円墳の中央の奥まった所には、数々の埋葬品と共に深い眠りについているいるのであろうか・・・・・・
この時代頃から古墳は巨大になって行くと言う。
慶州における古墳は円墳であり、わずかに仏国寺近くににある九政里にある一基のみが方形墳であるが、大陵苑の中にある墳墓の形は、古墳初期の積石木槨墳であり、地表や地下に墓穴を作って木棺を埋葬し回りを木槨でかこい、その上に人の頭の大きさの石を積み上げ、その外を粘土で塗り付けて固める形式である。
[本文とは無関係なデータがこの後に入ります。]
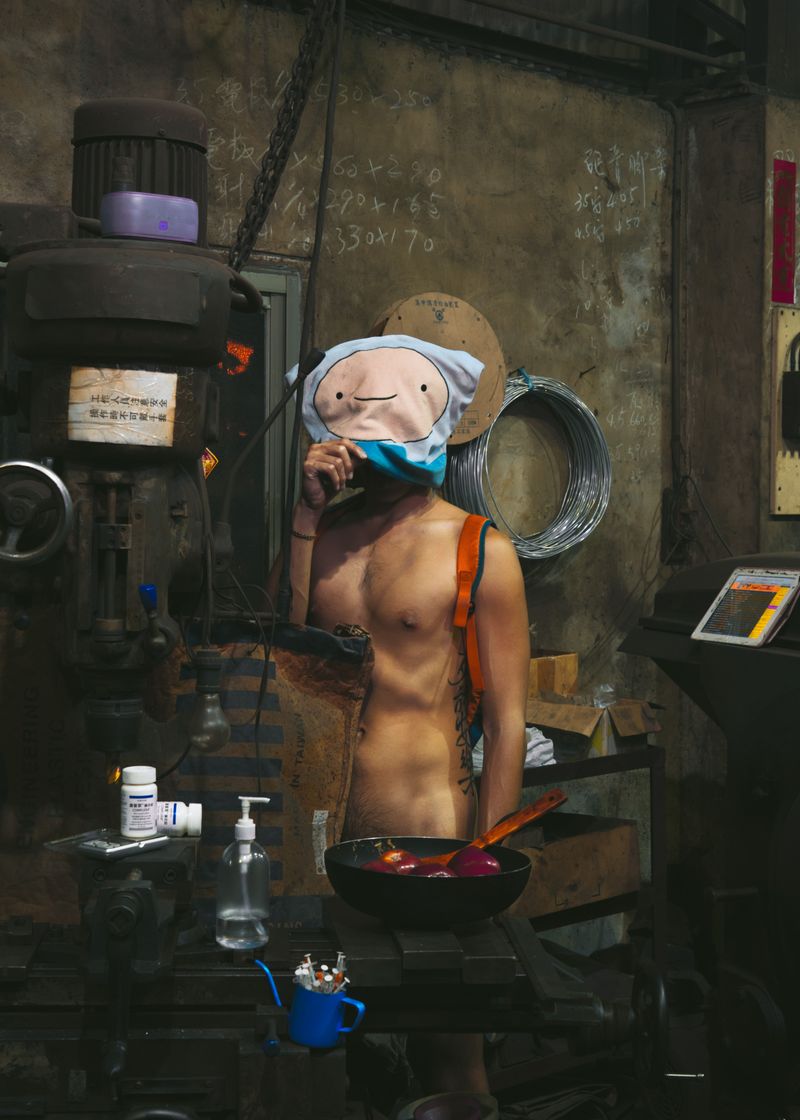 © Kairon(Ren-Kai) Liu - Humans as Hosts: 006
味鄒王古墳を過ぎしばらく行くと二つの古墳が重なり合うようにひょうたん状の瓢形墳と呼ばれる古墳がある。慶州最大の古墳であり皇南大塚墳とも呼ばれ高さ25㍍、底辺の直径83㍍の双墳で、夫婦や父子の古墳であると言われていた。

また、公園の一番奥まった所にある天馬塚と呼ばれる古墳は、内部の様子が見学できる様になつており、積石木槨古墳の構造が一目で分かる。積石に使われた石は、3年かがりで積まれたと言う。
発掘された当時のままがレプリカとして展示され、埋葬者は副葬品と共に頭を北に向けて寝かされ、土は空気に触れた際に酸化し焼けた様に黒くなっていた。
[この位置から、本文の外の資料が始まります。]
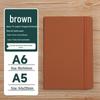 Custom A5/B6 Bullet Journal with High-Quality Design, Logo Printing Option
被葬者は、山字形金冠を有することから王陵級のものであると言われ、近くの副葬品収蔵柩には、飾履をはじめ実に一万二千点に及ぶ豪華な副葬品が納められていたと言う。

被葬者の頭の方向には、金製の冠帽、銀製の帯、銀製の腰佩(腰にまとう物)など、足の方向には、金銅の履き物など、その他鉄斧、鉄槍、鉄ヤジリなど。そして数々の馬具類、その中で、馬に乗って走る時の泥よけと言われる障泥板。白樺の皮を何枚も重ねて作った障泥板の上に描かれた雲に乗って飛ぶ天馬の姿は、五~六世紀のものとは思えない程の鮮やかさで見る人を驚かせる。
この古墳が天馬塚と言われる由縁である。そして、この地方の王が騎馬民族であったことを裏付けている。